The Third Sunday After the Epiphany
St. Elizabeth Ann Seton
Today I would like to consider the life of one of the great saints whose feast was celebrated earlier this month, St. Elizabeth Anne Bayley Seton, or as she is better known, Mother Seton.
St. Elizabeth Ann Bayley Seton was the foundress and first superior of the Sisters of Charity in the United States. She was born in New York City on Aug. 28, 1774 of non-Catholic parents of high position. She died at Emmitsburg, Maryland, on Jan. 4, 1821.
Her father, Dr. Richard Bayley (born in Connecticut and educated in England), was the first professor of anatomy at Columbia College and eminent for his work as health officer of the Port of New York. Her mother, Catherine Charlton, daughter of an Anglican minister of Staten Island, N.Y., died when Elizabeth was only three years old, leaving two other young daughters. The father married again, and among the children of this second marriage was Guy Charleton Bayley, whose convert son, James Roosevelt Bayley, became Archbishop of Baltimore. Elizabeth always showed great affection for her stepmother, a devout Anglican, and for her stepbrothers and sisters. Her education was chiefly conducted by her father, a brilliant man of great natural virtue, who trained her to self-restraint as well as in intellectual pursuits. She read industriously; her notebooks indicating a special interest in religious and historical subjects. She was very religious, wore a small crucifix around her neck, and took great delight in reading the Scriptures, especially the Psalms, a practice she retained until her death.
She was married on Jan. 25, 1794, in St. Paul's Church, New York, to William Magee Seton, of that city, by Bishop Prevoost. In her sister-in-law, Rebecca Seton, she found the "friend of her soul", and as they went about on missions of mercy they were called the "Protestant Sisters of Charity". Business troubles culminated on the death of her father-in-law in 1798. Elizabeth and her husband presided over the large orphaned family; and she shared his financial anxieties, aiding him with her sound judgment. Dr. Bayley's death in 1801 was a great trial to his favorite child. In her anxiety for his salvation she had offered to God, during his fatal illness, the life of her infant daughter Catherine. Catherine's life was spared, however, and she died at the age of ninety, as Mother Catherine of the Sisters of Mercy, New York.

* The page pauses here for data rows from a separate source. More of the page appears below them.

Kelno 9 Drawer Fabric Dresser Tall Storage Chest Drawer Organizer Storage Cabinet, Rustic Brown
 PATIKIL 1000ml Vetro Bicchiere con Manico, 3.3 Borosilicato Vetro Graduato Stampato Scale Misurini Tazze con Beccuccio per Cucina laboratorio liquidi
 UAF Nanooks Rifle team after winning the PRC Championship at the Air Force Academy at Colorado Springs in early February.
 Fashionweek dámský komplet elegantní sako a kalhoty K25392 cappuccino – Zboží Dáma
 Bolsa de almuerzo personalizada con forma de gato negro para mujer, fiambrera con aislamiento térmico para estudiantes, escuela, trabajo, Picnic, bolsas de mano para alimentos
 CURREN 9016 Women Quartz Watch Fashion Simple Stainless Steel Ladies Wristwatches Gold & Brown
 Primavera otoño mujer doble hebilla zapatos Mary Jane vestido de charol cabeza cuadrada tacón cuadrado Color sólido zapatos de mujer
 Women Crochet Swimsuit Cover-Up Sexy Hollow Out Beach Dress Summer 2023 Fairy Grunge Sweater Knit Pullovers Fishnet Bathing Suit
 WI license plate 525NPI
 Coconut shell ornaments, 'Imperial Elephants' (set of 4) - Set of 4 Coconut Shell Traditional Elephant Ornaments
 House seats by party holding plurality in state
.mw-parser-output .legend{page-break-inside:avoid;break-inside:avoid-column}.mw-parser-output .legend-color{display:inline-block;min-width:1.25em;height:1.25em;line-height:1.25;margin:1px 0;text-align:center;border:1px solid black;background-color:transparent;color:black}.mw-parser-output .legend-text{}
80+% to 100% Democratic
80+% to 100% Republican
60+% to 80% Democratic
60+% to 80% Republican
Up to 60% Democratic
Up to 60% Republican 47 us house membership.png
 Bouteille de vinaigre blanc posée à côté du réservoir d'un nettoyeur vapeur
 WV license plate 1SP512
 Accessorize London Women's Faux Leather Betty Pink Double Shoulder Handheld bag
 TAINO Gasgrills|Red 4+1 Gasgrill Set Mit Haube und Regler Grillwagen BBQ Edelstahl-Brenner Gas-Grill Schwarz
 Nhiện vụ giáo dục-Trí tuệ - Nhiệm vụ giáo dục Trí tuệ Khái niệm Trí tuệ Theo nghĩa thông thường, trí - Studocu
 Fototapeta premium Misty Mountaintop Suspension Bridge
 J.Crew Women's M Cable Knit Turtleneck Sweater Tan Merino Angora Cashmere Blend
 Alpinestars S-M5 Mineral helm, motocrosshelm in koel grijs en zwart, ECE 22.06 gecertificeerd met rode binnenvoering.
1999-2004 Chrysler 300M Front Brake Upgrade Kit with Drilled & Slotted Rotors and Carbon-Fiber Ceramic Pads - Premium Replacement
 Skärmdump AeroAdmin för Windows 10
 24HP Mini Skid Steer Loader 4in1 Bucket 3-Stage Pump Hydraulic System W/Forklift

In 1803 Mr. Seton's health required a sea voyage; he started with his wife and eldest daughter for Livorno (a.k.a. “Leghorn”), Italy, where the Filicchi brothers, business friends of the Seton firm, resided. The other children, William, Richard, Rebecca, and Catherine, were left to the care of Rebecca Seton.
From a journal which Mrs. Seton kept during her travels we learn of her heroic effort to sustain the drooping spirits of her husband during the voyage, followed by a long detention in quarantine, and until his death at Pisa (Dec. 27, 1803). She and her daughter remained for some time with the Filicchi families. While with these Catholic families and in the churches of Italy, Mrs. Seton first began to see the beauty of the Catholic Faith. Delayed by her daughter's illness and then by her own, she sailed for home accompanied by Antonio Filicchi, and reached New York on June 3, 1804. Her sister-in-law, Rebecca, died in July.